# Looking for a new Trail Saddle



## iridehorses (Oct 22, 2007)

Welcome to the forum!

I got two made for me by Southerntrails (a member here). Love them. Kevin will work with you on design and price. Western Saddles, Trail Saddles, Barrel Saddle, Ranch Saddle


----------



## Saddlebag (Jan 17, 2011)

There are many good used saddles on various web sites. Try tacktraders. You can narrow down your search by brand name.


----------



## SaddleOnline (Oct 20, 2011)

The more you look around the better! Try to ride in a couple different styles to see what you like, and don't forget to google  
Don't get stuck just looking at trail saddles, a lot of barrel racing saddles are really comfortable for long hours in the saddle because of the deeper seat and the angle of the swell. 

Happy Hunting!


----------



## its lbs not miles (Sep 1, 2011)

Depends on what you call a fortune. With the exception of a treeless saddle I use only for training (teaching them to accept a saddle and get use being saddled and the extra weight on their back while under 4 yo) I have my saddles made to my horses measurements.
Also take into account how much you ride. If you only ride a few miles a week then a saddle that is close to the correct size (gullet, bar width and length) for your horse should be ok. Just make sure it's never to narrow. A little wide you can pad up, but narrow is only going to give your horse a sore back and likely end up not wanting to be saddled or ridden.

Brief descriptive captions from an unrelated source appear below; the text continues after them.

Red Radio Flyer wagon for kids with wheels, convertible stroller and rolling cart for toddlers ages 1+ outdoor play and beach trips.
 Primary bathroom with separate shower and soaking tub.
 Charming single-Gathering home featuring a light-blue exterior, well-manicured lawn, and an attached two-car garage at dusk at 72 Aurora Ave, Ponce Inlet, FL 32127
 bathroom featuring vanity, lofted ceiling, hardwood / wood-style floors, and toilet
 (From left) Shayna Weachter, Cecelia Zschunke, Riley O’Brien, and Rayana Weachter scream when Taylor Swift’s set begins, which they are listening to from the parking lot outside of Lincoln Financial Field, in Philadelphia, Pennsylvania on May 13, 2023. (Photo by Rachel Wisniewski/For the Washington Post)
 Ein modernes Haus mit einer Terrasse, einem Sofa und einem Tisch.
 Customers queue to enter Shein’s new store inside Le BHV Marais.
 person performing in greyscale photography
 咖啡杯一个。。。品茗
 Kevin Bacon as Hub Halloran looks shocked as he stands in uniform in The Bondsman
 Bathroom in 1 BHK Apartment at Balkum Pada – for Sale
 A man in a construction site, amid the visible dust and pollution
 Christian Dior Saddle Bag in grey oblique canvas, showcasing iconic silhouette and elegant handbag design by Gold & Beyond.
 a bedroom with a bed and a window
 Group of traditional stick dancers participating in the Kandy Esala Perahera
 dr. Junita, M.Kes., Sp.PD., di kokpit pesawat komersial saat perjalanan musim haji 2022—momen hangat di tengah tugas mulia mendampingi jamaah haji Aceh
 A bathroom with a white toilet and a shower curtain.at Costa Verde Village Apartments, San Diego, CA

That being said, I'm may not be the best person to recommend saddles, because I look at saddles for usually riding over 25 miles a day on multiple days. That's why I have them made. For me a $750 - $1,000 custom made Trooper is reasonable. My horse won't have down time recovering from a sore back after riding 100 miles and it will outlast the horse, so figure I get my money's worth out of it.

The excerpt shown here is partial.